A month ago today, on the first night, the BBC Singers and the BBC Symphony Orchestra performed Vaughan Williams’ setting of words from The Merchant of Venice, The Serenade to Music.
The man that hath no music in himself,
Nor is not moved with concord of sweet sounds,
Is fit for treasons, stratagems, and spoils.
The motions of his spirit are dull as night,
And his affections dark as Erebus.
Let no such man be trusted.
How true! And yet, perhaps somebody cursed with the blight of tone deafness might take me to task for such prejudice. Add to ageism, sexism, racism, homophobia, transphobia, snobbery, and xenophobia, the charge of “atonalism”. We might organise a Prom especially programmed for the harmonically challenged, in order to “level up”. A celebration of discord. Some might argue that contemporary classical music is precisely that.
I can’t remember the last time I heard a contemporary orchestral work that was greeted by the audience with enthusiasm. Usually the response is in the form of a polite smattering of applause. The world première becomes a world derrière. I can remember the last time I heard a contemporary work being greeted with catcalls and boos, and a shout of “Rubbish!”, and it was during a Prom in the Albert Hall. It was a work for percussion. Pleiades by Iannis Xenakis. I have to admit I whispered to my neighbour, “Life’s too short” and took myself off to the bar, not because of the discord, but because of the sheer volume.

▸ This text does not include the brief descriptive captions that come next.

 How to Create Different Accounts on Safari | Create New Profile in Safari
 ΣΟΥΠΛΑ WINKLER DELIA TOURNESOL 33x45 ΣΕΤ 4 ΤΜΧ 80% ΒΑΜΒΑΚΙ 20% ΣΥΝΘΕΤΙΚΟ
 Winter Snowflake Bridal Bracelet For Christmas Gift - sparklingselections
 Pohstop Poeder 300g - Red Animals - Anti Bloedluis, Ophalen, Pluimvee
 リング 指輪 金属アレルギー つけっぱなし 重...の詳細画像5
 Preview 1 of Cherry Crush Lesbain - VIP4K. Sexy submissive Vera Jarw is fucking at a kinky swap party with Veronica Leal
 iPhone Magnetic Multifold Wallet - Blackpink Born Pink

Of course there are plenty of works, initially incomprehensible to the audience, which have become standard repertoire. Bach’s music was too complicated for his church congregation, Mozart’s too elaborate for the aristocracy (“Too may notes, Mozart!”), Beethoven wrote one of his string quartets “for a later age”, everybody thought Berlioz’ Symphonie Fantastique was just bonkers, Cesar Cui thought Rachmaninov’s First Symphony came from a conservatory in hell, and wrote a crit so damning it nearly sent Rachmaninov over the edge, there was a riot at the première of The Rite of Spring, and so on. Even Charles Ives’ Three Pieces in New England (Proms, August 8th), its middle movement a soundscape of shifting cacophony, has become mainstream repertoire. I love the atmosphere of the third piece, The Housatonic at Stockbridge. So you never can tell. Yet it would be good if somebody wrote tuneful music. I think it would be greatly appreciated. Yet, despite the fact that people hunger and thirst for a tune, composers and critics seem to have turned their noses up to the sound of melody, as if melody were banal and naïve. Malcolm Arnold, a great tunesmith despite being a troubled man, began to lose popularity in the 1960s precisely because he wrote melody. At least the Proms performed his fifth symphony on August 27th. A revelation.

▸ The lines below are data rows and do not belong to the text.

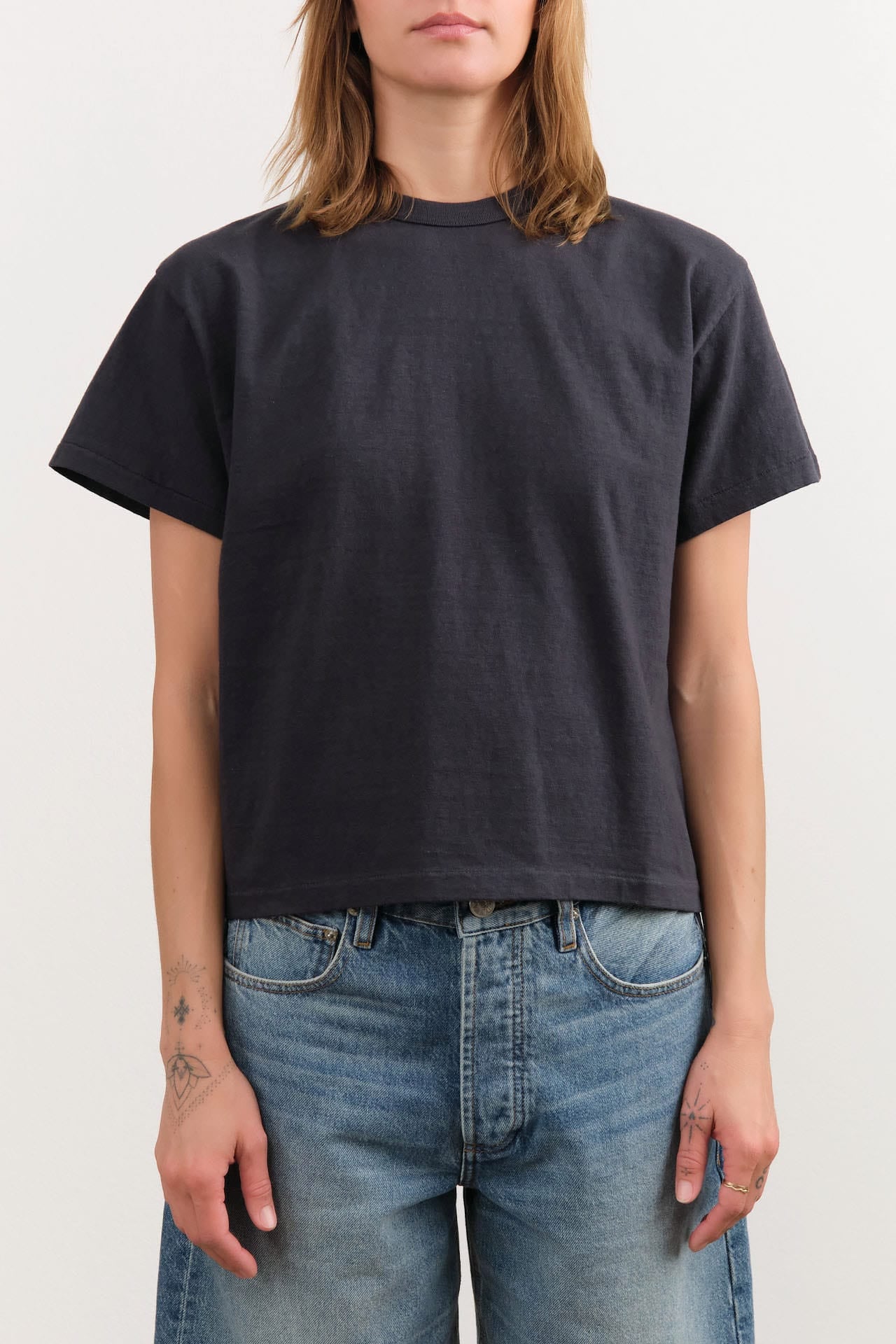 Sunray Sportswear Apparel Womens Tees Hi'aka T-Shirt in Blue Graphite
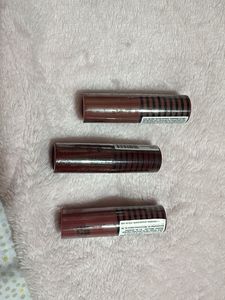 Lot of 3 Matte bullet Lipsticks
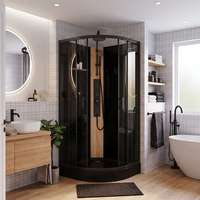 Cabine de douche intelligente de qualité hôtelière avec cadre renforcé pour projets hôteliers en chaîne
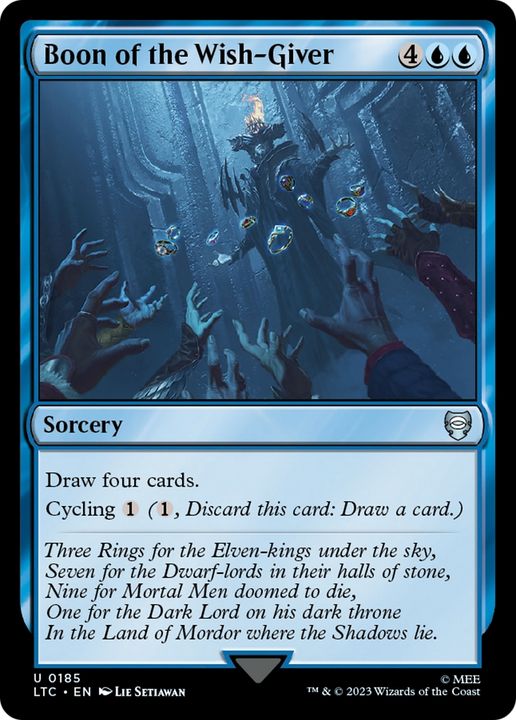 Boon of the Wish-Giver in the group Magic the Gathering / Types / Colors / Blue at Proxyprinters.com (69909)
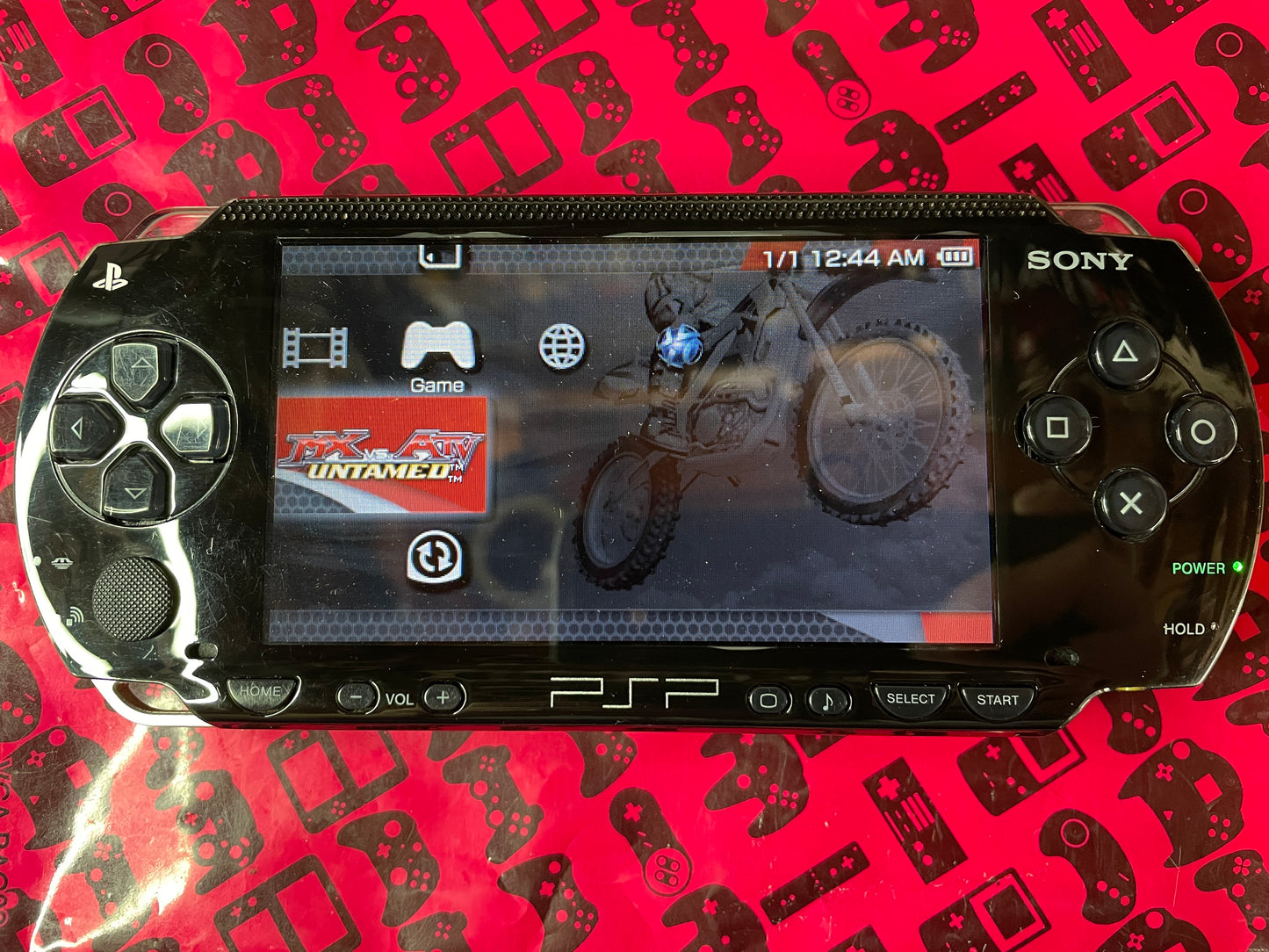 Black PSP 1001 Console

Contemporary composers take themselves very seriously. “In my work Concatenations, I wanted to capture in sound the idea of a series of ideas bouncing off one another and causing reverberations that ripple to the horizon and return once again to re-interact with one another in a metamorphosed form and shape.” Give us a break. Rodgers and Hammerstein never had to explain Some Enchanted Evening like that. Ronald Reagan once remarked that if you have to explain yourself to the electorate, you’ve already lost.
(Don’t Google Concatenations. I just made that up.)

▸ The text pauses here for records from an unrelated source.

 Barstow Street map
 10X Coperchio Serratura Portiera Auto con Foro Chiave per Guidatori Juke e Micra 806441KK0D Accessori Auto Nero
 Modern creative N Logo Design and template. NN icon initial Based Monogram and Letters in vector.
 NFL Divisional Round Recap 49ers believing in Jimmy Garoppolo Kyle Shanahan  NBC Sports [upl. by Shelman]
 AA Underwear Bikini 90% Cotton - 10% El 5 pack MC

Still I try to keep an open mind. Maybe the next time I hear a première I will be blown off my feet. So I will return to the Royal Albert Hall full of buoyancy and hope.
Here will we sit, and let the sounds of music
Creep in our ears.
Talking of the sound of music, last night I greatly enjoyed, not the family von Trapp, but the equally numerous and prodigiously talented family Kanneh-Mason play Saint-Saëns’ Carnival of the Animals. The Swan was beautifully played. I heard Sheku Kanneh-Mason play the Elgar Cello Concerto a couple of years ago at the Edinburgh Festival. My neighbour in the Usher Hall whispered, “He’s not quite ready for it.” But I reckon he just meant that Sheku didn’t sound like Jacqueline du Pré. I thought he was magnificent. Like Kiki Dee, he has the music in him.